The product or service you choose should facilitate high availability and redundancy for the control plane and selected data subsets or categories. It should have modules for disaster recovery, backup and archiving of data, and it should support localized replicas on selected cloud regions for low-latency access and guarantee data consistency between replicas. You'll also want to ensure it offers multiple storage classes or tiers, such as high availability, high performance, and warm, cool and deep archive across multiple cloud services.
Keep it simple
IT managers must carefully consider their organization's needs and goals before evaluating multi-cloud data management products and services. Although our feature list is extensive, many organizations won't need them all and can make compromises.
In sum, you'll want to keep it simple: Don't make the solution more complicated than the problem, which translates into the following advice when buying a multi-cloud data management product or service:
- Don't buy features you don't need. For example, organizations that want a multi-cloud system for unstructured data might be better off with a cloud-capable NAS system that can replicate data between edge filer appliances and cloud file services. Similarly, if backup and archiving software has become central to your data management process, look for products that support multiple clouds and provide centralized management of data storage, use and security policies.

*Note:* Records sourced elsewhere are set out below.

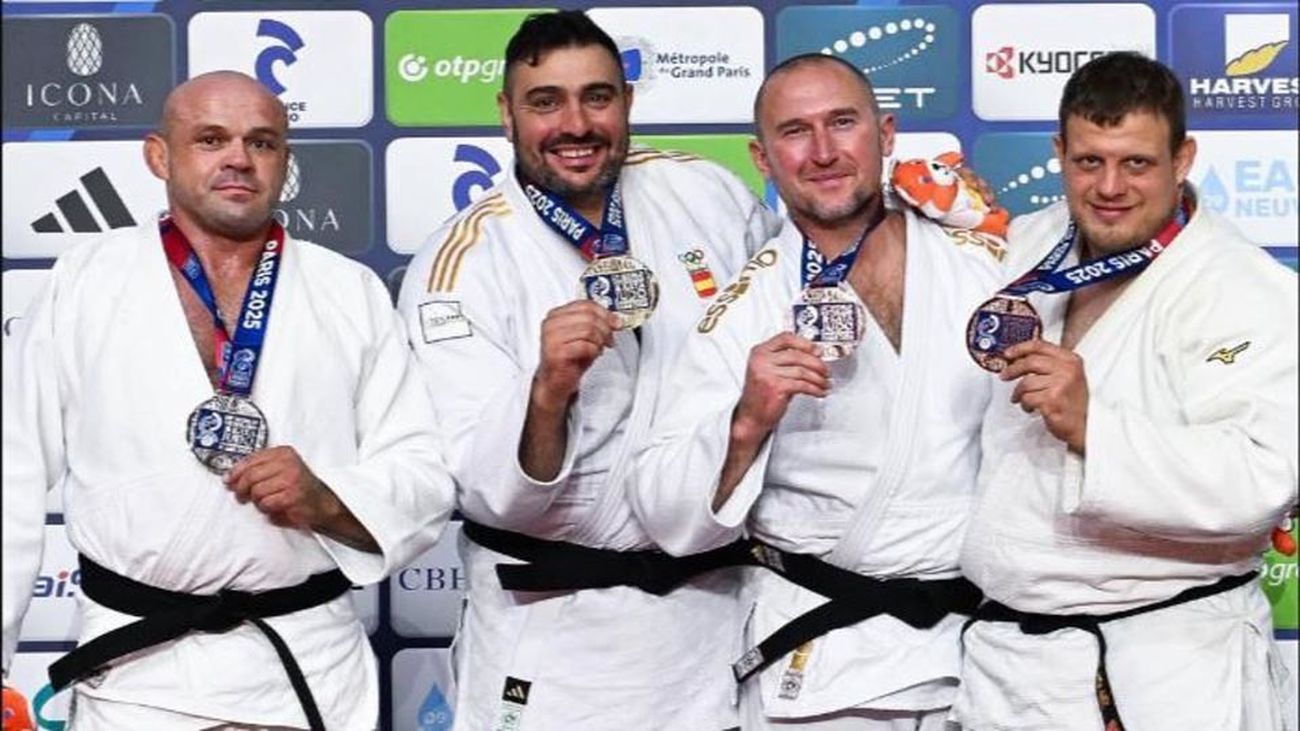 El madrileño, Ángel Parra, campeón en el Mundial de Judo de Veteranos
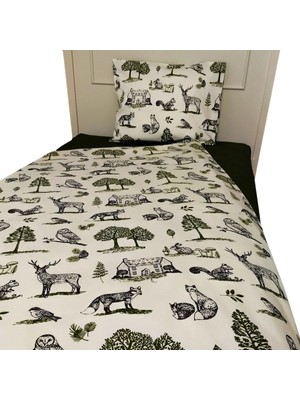 Mundo Lindo Forest Friends Tek Kişilik Nevresim Seti 2 Parça 160 x 220 cm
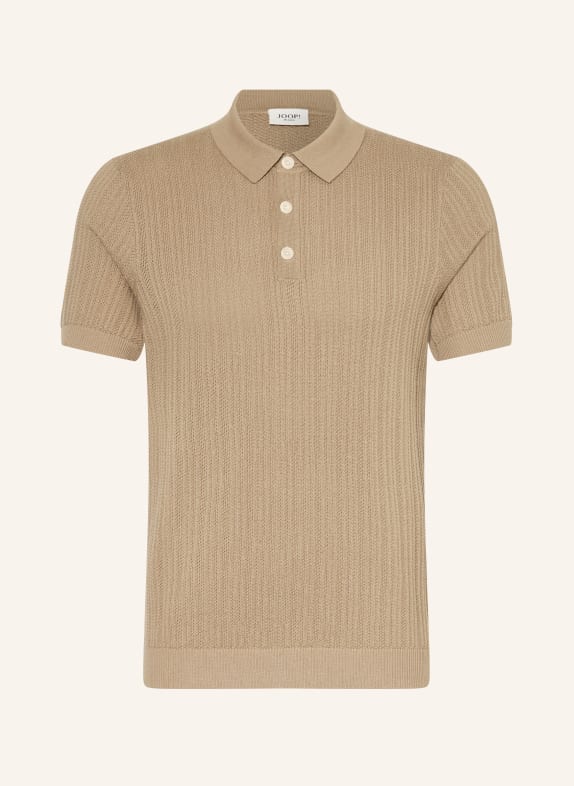 JOOP! JEANS Dzianinowa koszulka polo COLINOR BEŻOWY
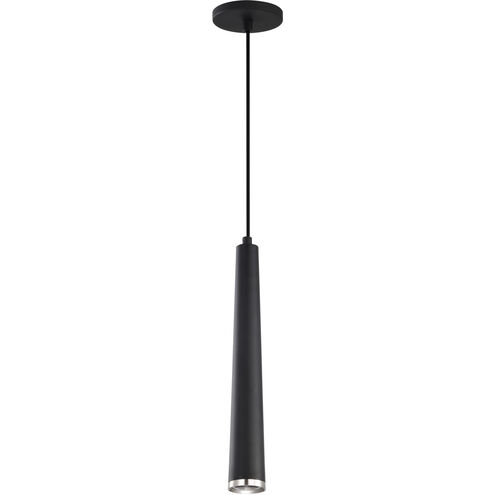 Melrose LED 2.4 inch Matte Black and Brushed Nickel Pendant Ceiling Light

- Make sure the product's functionality can grow as requirements change. Some products specialize in providing visibility of data storage, use and classifications across multiple environments. However, even if that's your primary short-term concern, consider future needs, such as whether the system can be expanded to provide storage optimization, replication and policy enforcement.
- Make data management part of a broader strategy to limit the risk of cloud lock-in. Look for products that minimize the friction in moving data between on-premises and cloud infrastructure and prefer those with the broadest support for cloud infrastructure. Even though AWS might be your only cloud provider, consider how a data management product for multiple clouds can facilitate expansion to other environments that are better suited to a particular workload or use case.
- Evaluate data management holistically. Although cloud backup and DR are currently the most common use case, look for products that address application workloads with support for primary storage volumes, database replication and NAS filers because visibility and central manageability are critical capabilities once workloads spread from on premises to one or more cloud environments.